* [Task requirements] As the answer, set down the lines below from the one containing "ESCLARECIDO (APÊNDICE B)" through the one containing "Mistubishi ''Jeep'' Diesel", exactly and inclusively, and no others.

::: Source material :::

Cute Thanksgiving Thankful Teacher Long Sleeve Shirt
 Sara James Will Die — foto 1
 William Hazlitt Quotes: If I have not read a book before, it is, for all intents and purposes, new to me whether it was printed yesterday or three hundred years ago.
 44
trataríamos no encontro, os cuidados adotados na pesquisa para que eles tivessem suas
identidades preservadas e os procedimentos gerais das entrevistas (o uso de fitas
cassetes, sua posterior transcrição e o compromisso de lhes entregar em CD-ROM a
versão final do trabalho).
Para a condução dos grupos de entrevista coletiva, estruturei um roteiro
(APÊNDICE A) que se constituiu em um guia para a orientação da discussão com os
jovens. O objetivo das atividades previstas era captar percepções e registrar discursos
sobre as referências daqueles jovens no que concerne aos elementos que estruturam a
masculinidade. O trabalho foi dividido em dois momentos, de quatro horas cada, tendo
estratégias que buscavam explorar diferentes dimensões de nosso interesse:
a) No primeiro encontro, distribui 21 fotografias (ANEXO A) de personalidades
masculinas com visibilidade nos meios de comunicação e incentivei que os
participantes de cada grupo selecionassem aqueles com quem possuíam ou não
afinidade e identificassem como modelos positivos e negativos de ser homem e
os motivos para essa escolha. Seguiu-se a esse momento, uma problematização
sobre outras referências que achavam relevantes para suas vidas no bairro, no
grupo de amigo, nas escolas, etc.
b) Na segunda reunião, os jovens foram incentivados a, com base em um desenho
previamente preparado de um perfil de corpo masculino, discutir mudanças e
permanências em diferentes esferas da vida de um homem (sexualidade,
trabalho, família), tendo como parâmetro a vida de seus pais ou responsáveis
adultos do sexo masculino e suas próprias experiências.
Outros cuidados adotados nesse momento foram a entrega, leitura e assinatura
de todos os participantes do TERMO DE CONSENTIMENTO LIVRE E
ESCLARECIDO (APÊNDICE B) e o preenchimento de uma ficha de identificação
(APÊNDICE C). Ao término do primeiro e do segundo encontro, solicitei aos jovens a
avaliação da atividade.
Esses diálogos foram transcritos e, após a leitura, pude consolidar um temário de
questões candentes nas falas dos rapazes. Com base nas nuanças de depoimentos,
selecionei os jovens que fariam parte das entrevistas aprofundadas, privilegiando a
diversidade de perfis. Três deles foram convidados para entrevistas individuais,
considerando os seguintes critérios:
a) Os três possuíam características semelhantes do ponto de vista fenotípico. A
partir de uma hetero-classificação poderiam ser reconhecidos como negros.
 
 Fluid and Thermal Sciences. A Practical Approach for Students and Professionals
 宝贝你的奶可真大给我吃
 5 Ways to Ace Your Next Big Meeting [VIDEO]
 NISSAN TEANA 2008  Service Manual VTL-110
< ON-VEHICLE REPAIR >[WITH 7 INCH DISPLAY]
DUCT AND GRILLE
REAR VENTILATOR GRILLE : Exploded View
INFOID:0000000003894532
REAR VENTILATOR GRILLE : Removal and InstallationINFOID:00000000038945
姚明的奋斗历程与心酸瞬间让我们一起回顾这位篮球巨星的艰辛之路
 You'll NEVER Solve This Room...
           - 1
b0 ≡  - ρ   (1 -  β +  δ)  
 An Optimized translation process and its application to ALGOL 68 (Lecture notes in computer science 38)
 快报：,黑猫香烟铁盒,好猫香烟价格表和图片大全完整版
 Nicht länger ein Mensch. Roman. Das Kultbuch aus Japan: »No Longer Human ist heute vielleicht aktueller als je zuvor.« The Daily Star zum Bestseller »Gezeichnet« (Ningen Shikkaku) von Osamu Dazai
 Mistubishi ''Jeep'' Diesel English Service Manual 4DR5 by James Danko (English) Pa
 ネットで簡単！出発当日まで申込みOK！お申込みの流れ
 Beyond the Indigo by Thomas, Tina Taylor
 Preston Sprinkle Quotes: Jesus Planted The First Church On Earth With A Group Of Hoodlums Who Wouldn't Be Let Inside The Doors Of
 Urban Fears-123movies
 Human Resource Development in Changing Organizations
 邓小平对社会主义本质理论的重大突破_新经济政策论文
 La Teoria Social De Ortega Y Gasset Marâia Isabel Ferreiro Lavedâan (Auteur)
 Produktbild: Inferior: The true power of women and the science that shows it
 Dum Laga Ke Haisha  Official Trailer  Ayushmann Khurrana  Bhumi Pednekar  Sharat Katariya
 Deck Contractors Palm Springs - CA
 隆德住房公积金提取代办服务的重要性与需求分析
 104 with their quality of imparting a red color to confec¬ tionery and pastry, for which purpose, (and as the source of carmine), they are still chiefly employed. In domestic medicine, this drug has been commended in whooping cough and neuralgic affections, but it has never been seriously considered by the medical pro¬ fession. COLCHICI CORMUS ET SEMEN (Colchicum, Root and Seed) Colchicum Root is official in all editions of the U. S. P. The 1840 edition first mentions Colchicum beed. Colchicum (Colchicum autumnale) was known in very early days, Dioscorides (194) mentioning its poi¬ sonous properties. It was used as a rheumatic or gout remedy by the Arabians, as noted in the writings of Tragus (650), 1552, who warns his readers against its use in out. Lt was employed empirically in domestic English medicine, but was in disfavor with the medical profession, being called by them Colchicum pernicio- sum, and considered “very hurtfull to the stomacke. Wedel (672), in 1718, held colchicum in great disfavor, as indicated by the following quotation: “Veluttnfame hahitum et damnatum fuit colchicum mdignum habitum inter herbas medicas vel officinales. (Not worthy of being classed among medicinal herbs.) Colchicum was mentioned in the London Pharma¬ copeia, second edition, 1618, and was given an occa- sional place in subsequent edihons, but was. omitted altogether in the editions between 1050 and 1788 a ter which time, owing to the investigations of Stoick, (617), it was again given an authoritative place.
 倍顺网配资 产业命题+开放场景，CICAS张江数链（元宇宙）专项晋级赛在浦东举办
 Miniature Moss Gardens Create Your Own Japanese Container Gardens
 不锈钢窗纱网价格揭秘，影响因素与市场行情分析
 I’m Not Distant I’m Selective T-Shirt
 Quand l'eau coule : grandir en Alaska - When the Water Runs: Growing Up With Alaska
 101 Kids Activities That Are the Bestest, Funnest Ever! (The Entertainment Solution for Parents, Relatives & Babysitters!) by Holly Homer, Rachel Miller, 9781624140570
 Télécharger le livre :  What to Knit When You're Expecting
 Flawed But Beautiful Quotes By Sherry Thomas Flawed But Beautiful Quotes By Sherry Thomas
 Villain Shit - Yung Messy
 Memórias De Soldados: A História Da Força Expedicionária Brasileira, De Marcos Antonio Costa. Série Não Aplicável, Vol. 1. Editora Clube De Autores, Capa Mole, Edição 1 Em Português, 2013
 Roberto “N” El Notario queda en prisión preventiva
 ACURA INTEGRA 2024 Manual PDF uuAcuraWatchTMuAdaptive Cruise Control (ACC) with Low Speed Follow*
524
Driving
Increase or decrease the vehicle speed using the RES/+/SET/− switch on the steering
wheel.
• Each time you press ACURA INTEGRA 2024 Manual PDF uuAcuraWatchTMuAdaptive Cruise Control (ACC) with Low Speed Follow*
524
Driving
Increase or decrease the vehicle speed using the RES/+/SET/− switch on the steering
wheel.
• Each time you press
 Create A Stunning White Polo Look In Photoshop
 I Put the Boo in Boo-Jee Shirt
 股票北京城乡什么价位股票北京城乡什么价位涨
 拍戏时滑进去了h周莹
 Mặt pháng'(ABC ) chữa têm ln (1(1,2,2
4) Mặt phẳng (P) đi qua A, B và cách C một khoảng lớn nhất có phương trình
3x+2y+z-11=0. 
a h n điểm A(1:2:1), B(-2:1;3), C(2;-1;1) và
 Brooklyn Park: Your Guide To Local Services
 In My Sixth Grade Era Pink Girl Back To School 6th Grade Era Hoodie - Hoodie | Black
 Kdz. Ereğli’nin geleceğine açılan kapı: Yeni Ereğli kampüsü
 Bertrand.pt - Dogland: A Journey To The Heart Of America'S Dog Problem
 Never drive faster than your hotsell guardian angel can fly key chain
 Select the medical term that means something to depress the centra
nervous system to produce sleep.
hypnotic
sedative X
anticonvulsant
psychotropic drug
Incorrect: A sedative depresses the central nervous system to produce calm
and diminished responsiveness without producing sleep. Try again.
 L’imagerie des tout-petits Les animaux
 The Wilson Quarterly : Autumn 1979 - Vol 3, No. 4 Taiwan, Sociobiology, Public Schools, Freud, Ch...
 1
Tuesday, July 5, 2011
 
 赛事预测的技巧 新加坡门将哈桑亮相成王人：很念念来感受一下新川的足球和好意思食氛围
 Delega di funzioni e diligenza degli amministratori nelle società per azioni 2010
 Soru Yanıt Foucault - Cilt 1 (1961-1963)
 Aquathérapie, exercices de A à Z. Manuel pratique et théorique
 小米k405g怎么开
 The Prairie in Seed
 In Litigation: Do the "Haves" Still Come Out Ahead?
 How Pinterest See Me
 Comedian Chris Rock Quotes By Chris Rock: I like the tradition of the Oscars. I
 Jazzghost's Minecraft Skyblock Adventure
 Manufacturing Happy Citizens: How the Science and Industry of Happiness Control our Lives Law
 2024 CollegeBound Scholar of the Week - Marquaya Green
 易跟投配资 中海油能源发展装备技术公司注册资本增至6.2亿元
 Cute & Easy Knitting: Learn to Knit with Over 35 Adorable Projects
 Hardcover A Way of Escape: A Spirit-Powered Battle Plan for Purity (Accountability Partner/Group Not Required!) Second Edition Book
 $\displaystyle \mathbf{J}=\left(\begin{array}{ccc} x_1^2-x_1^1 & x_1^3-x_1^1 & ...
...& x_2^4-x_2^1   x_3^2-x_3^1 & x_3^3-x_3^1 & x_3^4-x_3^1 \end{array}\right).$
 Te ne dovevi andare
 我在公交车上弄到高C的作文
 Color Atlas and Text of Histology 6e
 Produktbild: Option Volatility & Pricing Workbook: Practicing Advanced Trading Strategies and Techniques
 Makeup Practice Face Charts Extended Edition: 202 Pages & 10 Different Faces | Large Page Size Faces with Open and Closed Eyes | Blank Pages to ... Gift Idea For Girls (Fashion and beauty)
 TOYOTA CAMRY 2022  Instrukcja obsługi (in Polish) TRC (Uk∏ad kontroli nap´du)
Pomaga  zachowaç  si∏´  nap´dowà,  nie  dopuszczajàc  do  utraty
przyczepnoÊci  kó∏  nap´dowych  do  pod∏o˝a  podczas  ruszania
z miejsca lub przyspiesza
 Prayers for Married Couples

:::

* [Task output]
ESCLARECIDO (APÊNDICE B) e o preenchimento de uma ficha de identificação
(APÊNDICE C). Ao término do primeiro e do segundo encontro, solicitei aos jovens a
avaliação da atividade.
Esses diálogos foram transcritos e, após a leitura, pude consolidar um temário de
questões candentes nas falas dos rapazes. Com base nas nuanças de depoimentos,
selecionei os jovens que fariam parte das entrevistas aprofundadas, privilegiando a
diversidade de perfis. Três deles foram convidados para entrevistas individuais,
considerando os seguintes critérios:
a) Os três possuíam características semelhantes do ponto de vista fenotípico. A
partir de uma hetero-classificação poderiam ser reconhecidos como negros.
 
 Fluid and Thermal Sciences. A Practical Approach for Students and Professionals
 宝贝你的奶可真大给我吃
 5 Ways to Ace Your Next Big Meeting [VIDEO]
 NISSAN TEANA 2008  Service Manual VTL-110
< ON-VEHICLE REPAIR >[WITH 7 INCH DISPLAY]
DUCT AND GRILLE
REAR VENTILATOR GRILLE : Exploded View
INFOID:0000000003894532
REAR VENTILATOR GRILLE : Removal and InstallationINFOID:00000000038945
姚明的奋斗历程与心酸瞬间让我们一起回顾这位篮球巨星的艰辛之路
 You'll NEVER Solve This Room...
           - 1
b0 ≡  - ρ   (1 -  β +  δ)  
 An Optimized translation process and its application to ALGOL 68 (Lecture notes in computer science 38)
 快报：,黑猫香烟铁盒,好猫香烟价格表和图片大全完整版
 Nicht länger ein Mensch. Roman. Das Kultbuch aus Japan: »No Longer Human ist heute vielleicht aktueller als je zuvor.« The Daily Star zum Bestseller »Gezeichnet« (Ningen Shikkaku) von Osamu Dazai
 Mistubishi ''Jeep'' Diesel English Service Manual 4DR5 by James Danko (English) Pa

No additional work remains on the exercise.